|Man Without Qualities|
Thursday, August 15, 2002
The Wall Street Journal reports:
Federal prosecutors are pressing ahead with their criminal investigation of Mr. Skilling and other top Enron officials, in recent weeks bringing in several lower-level executives to testify before a Houston grand jury. Mr. Skilling, a subject of the probe, potentially could face securities-fraud and perjury charges, lawyers familiar with the matter said.
Certainly some activity suggests more enthusiasm on the part of the prosecutors than no activity would. So the Man Without Qualities may have been premature is detecting despair in the Department of Justice. But while there can always be surprises, it seems unlikely that the main criminal charges of which Mr. Skilling might be charged can likely be proved with testimony of lower-level executives. Of course, it is always possible that the prosecutors may uncover some other crime that can be proved that way: Al Capone did not serve time for murder or bootlegging. And that could help them bring pressure on Mr. Skilling.
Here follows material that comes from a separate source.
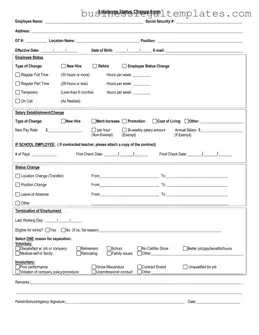 Printable Employee Status Change Form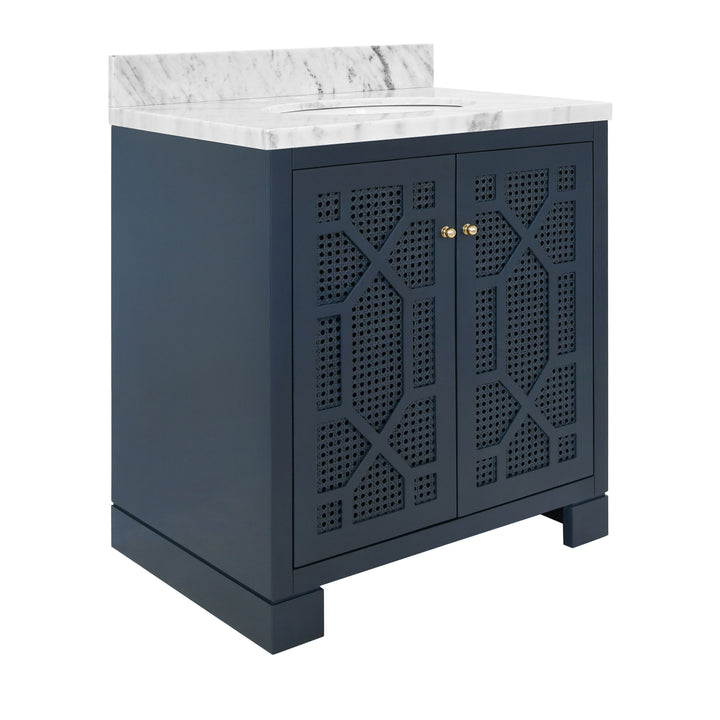 Bath Vanity In Matte Navy Lacquer With Cane Front Doors, White Marble Top, Porcelain Sink, And Polished Brass Knobs - SCHAFFER NVY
Despite some silly statements by the prosecutors (and some fawning media) following their disastrous "win" of the Andersen conviction that "momentum" would force upper-level suspects to turn, nothing of the sort is reported to have happened. Unless one of the upper level suspects begins to cooperate with the prosecutors, the focus on lower-level executives seems more suggestive of desperation than confidence on the prosecutors' part. And the prosecutors' willingness to allow the SEC civil investigation to become more active recently is also not a positive sign in a case of this type, where the Justice Department is attempting to impose pressure on the criminal suspects and should desire complete control, at least if there is serious hope of bringing criminal charges that will stick.
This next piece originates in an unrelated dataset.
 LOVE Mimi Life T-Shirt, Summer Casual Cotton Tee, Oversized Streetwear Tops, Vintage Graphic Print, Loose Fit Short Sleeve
A "low level" focus is better than nothing, and even "low level" grand jury activity should deflect the inevitable election-inspired charges that the Bush administration is allowing the criminal investigation to lapse. But for that very reason, it's hard to make much of this activity. For while I have no doubt that the Department of Justice would love to prosecute at least some Enron officials, I have seen nothing that suggests that is possible at this time. But even if the Department of Justice has despaired of bringing criminal charges, they surely would have enough sense to kick up some dust in the weeks before an election. Such dust could be kicked in perfectly good faith just by calling lower-level executives to the grand jury to see what they have to say under oath, even if nothing much is expected to come of it.
Of course, the prosecutors could almost certainly indict every Enron officer and board member right now. Conviction could be a quite different and potentially quite embarrassing matter - as the Andersen case demonstrated.